> _Work item_
In the entries below, find the line with "Faherty Havana Maxi Dress, Size M", then set it down exactly along with each line after it to the end, skipping any pictures.
--- Excerpted records ---
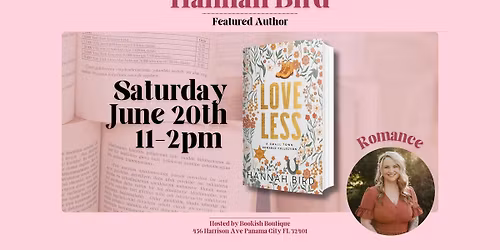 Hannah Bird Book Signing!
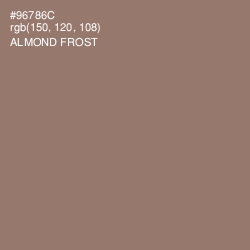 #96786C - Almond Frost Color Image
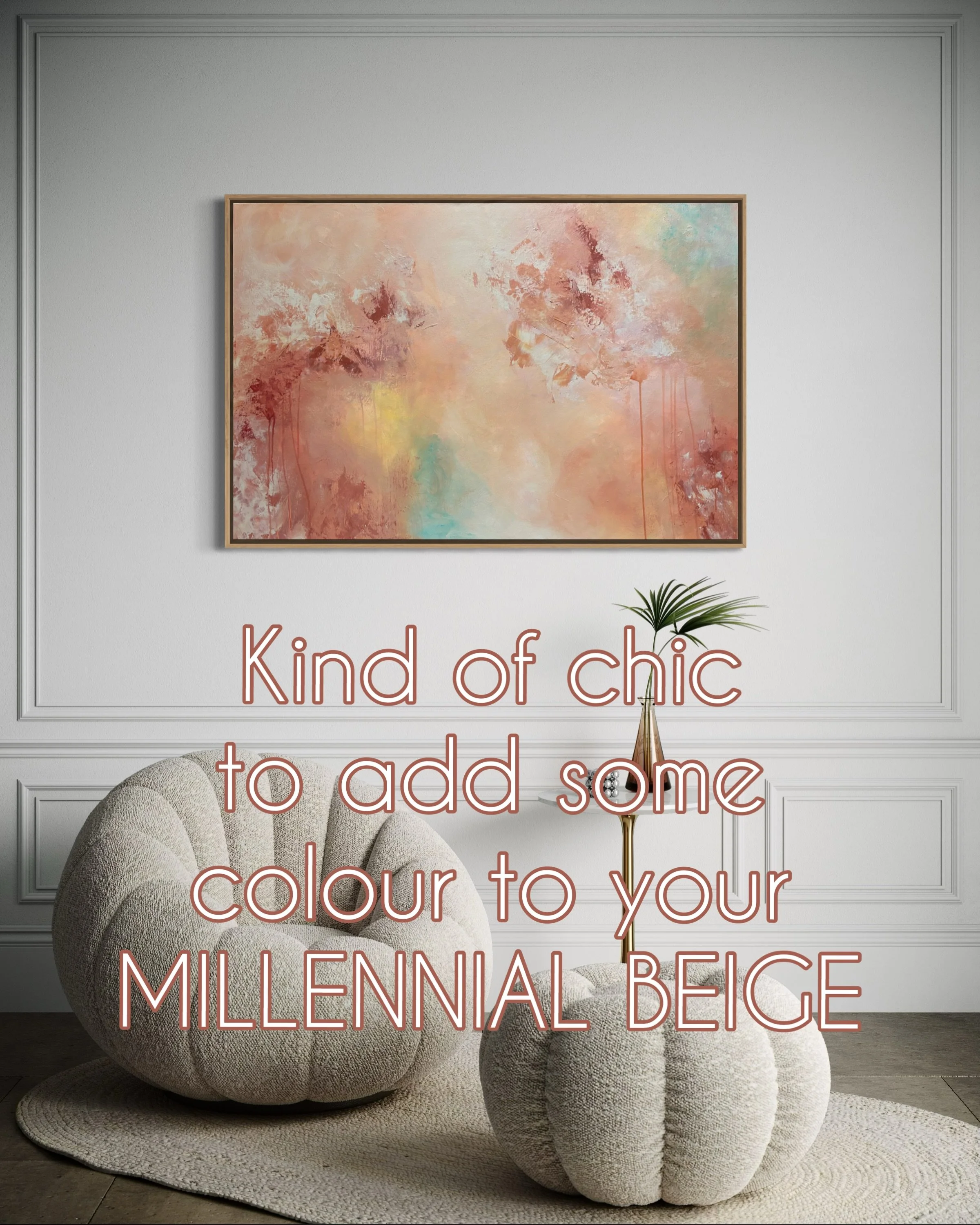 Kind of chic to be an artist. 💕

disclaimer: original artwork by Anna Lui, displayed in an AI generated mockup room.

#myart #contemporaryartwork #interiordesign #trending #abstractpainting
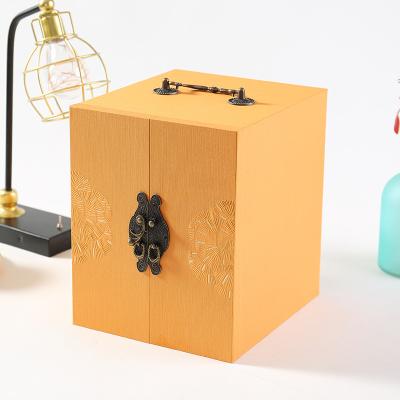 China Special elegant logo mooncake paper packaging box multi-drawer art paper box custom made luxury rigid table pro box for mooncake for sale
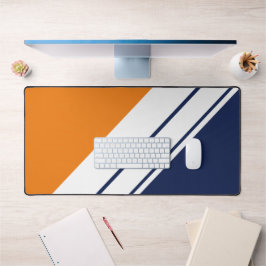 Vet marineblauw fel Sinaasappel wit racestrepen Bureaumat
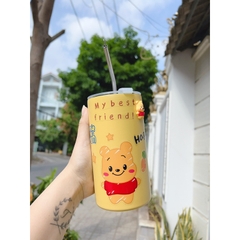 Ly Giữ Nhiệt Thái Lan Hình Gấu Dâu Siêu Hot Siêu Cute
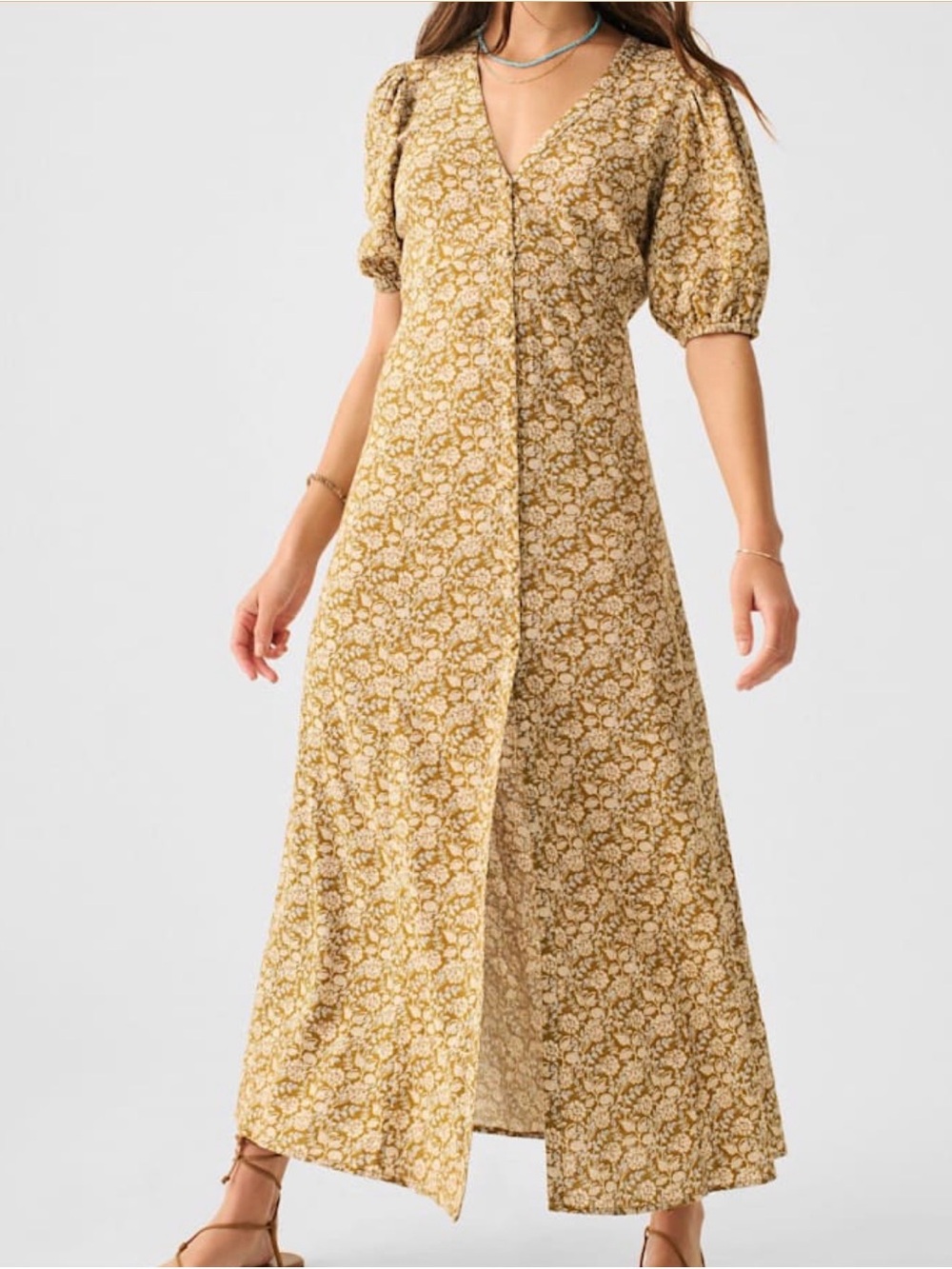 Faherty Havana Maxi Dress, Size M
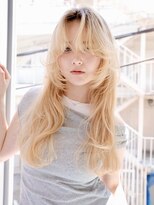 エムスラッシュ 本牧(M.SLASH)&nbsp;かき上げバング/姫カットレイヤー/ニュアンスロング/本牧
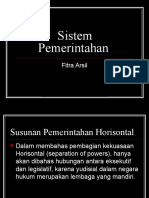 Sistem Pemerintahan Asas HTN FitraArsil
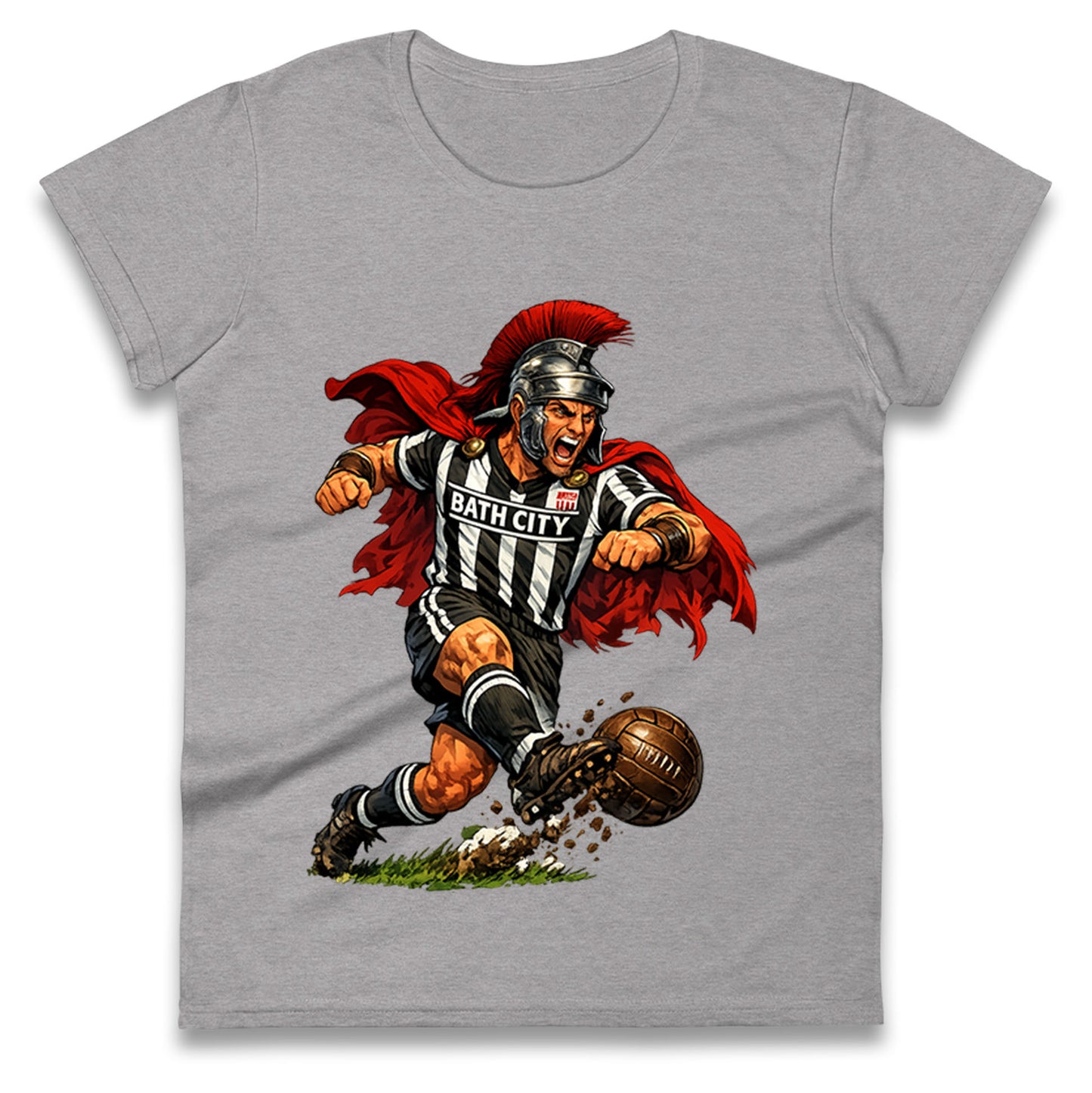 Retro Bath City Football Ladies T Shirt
---
> _Solved problem_
 Faherty Havana Maxi Dress, Size M
 エムスラッシュ 本牧(M.SLASH)&nbsp;かき上げバング/姫カットレイヤー/ニュアンスロング/本牧
 Sistem Pemerintahan Asas HTN FitraArsil
 Retro Bath City Football Ladies T Shirt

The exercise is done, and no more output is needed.